Tot en met 2024 organiseerde de afdeling Noord-Holland Noord regelmatig lezingen. Deze vonden plaats op donderdagavond. Het blijkt dat leden de voorkeur geven aan middagbijeenkomsten. We hebben er dan ook voor gekozen om de leden de kans te geven elkaar te ontmoeten in het stamboomcafé, dat plaatsvindt op enkele vrijdagmiddagen bij het Westfries Archief. Van tijd tot tijd zal er een spreker worden uitgenodigd. De data waarop u het stamboomcafé kunt bezoeken staan in de rubriek Agenda.
Toch wordt tijdens het stamboomcafé nog wel eens een lezing gehouden, zoals de samenvatting hieronder aangeeft:
Boedelinventarissen
Vrijdag 26 september 2025 was uitgekozen voor een experiment: krijgen we tijdens een stamboomcafé de zaal ook vol met een lezing in plaats van onderlinge gesprekken over genealogische onderwerpen? Ja dus, ongeveer 25 aanwezigen hebben met veel interesse geluisterd en gekeken naar de voordrachten van Laurens Schuijtemaker en Klaas Roos over boedelinventarissen.

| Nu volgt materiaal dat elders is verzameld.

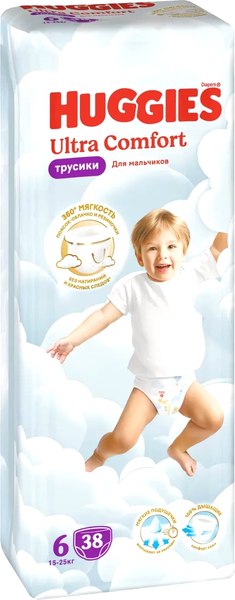 Подгузники-трусики детские Huggies Ultra Comfort Mega 6 Boy - фото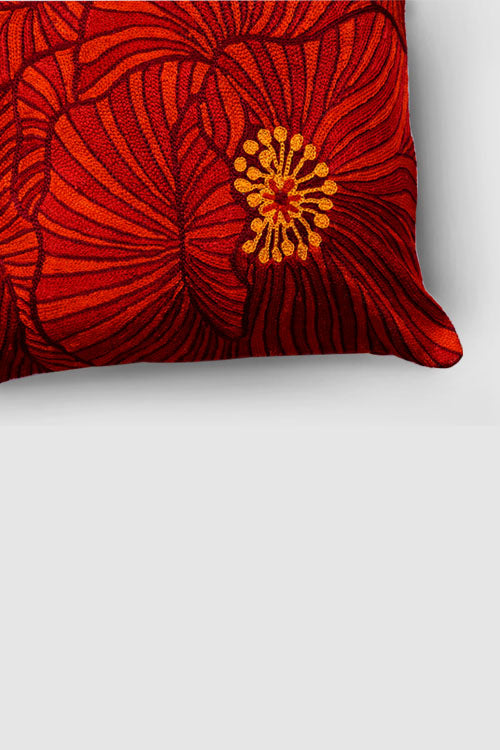 Zaina By Ctok Poppies Chainstitch Embroidered Cushion Cover Red & Yellow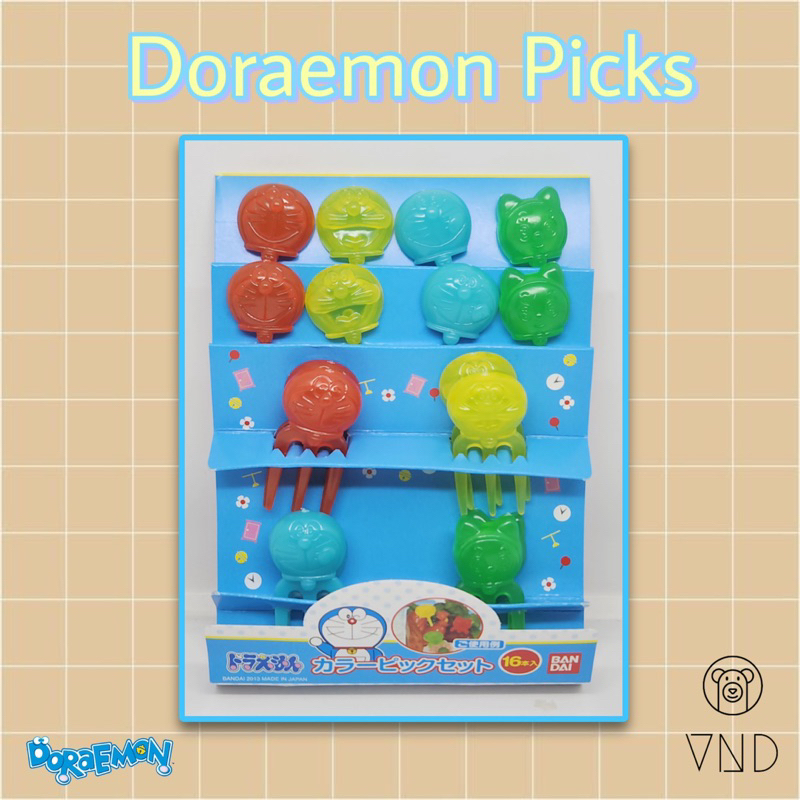 Rare Doraemon Transparent Bento Picks/ Colorful Doraemon Picks ORI Japan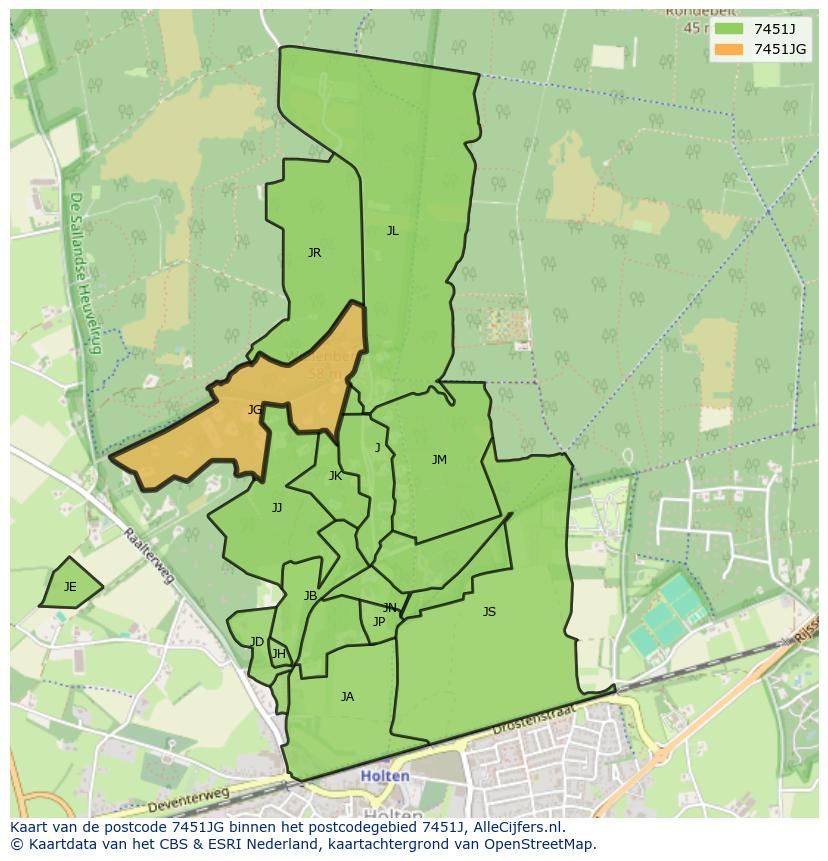 Afbeelding van het postcodegebied 7451 JG op de kaart.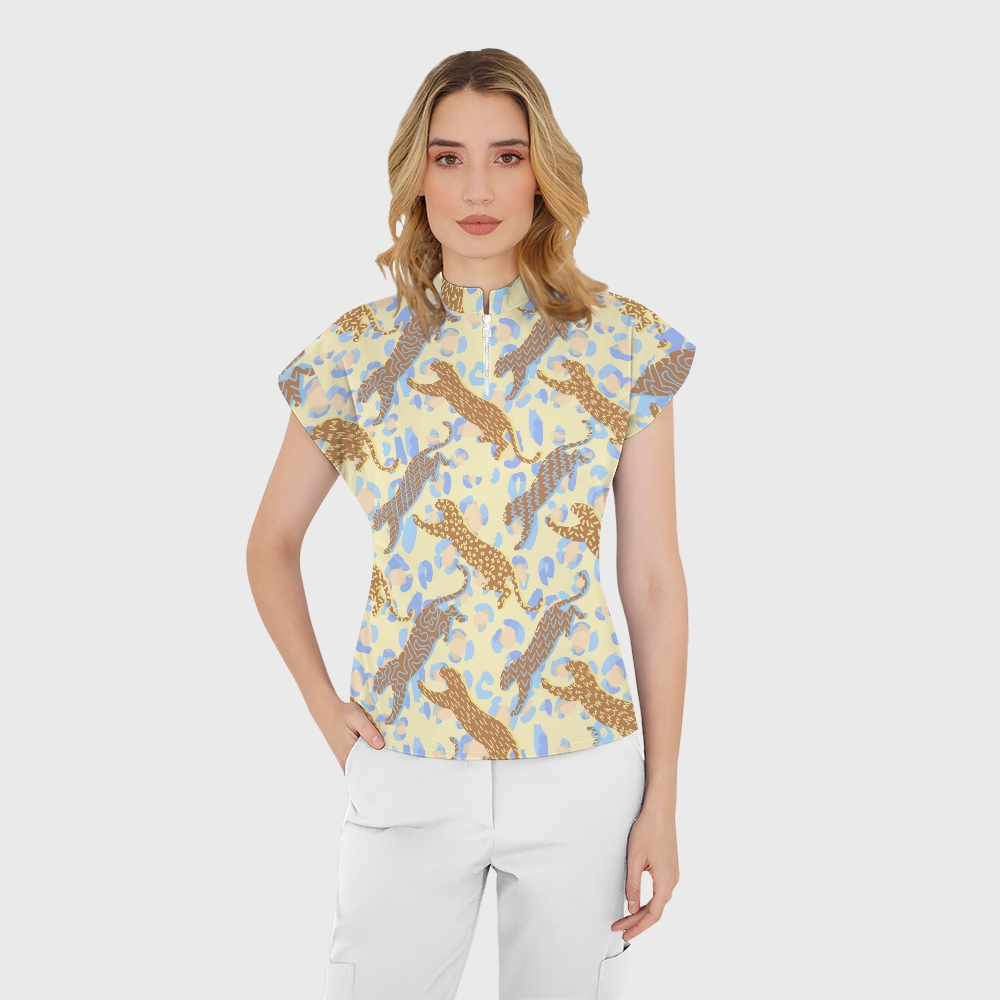 Women's Yellow Cheetah Printed Scrub Set SL01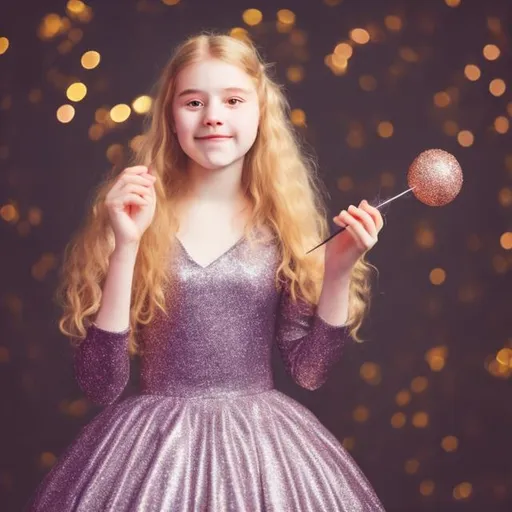 Prompt: 16 year old girl in a glittery puffy ball gown holding her magic wand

Laurens legde eerst het verschil uit tussen boedelinventarissen, boedelbeschrijvingen en boedelscheidingen. Boedelinventarissen leveren de meest uitgebreide en gedetailleerde notariële akten op, want precieze omschrijvingen en opsommingen zijn nodig om ontvreemden (onttrekken aan de boedel) te voorkomen, zeker als het erom gaat de belangen van achterblijvende minderjarige kinderen te bewaken als er verkocht of verdeeld gaat worden. Bij boedelbeschrijvingen of boedelscheidingen ligt het accent meer op landbezit en kostbaarheden. Uiteraard delen kinderen daar ook in mee, maar de notaris volstaat in deze situaties meestal voor huisraad of gereedschappen met algemene omschrijvingen zoals keukenspullen, landbouwgereedschap of meubilair.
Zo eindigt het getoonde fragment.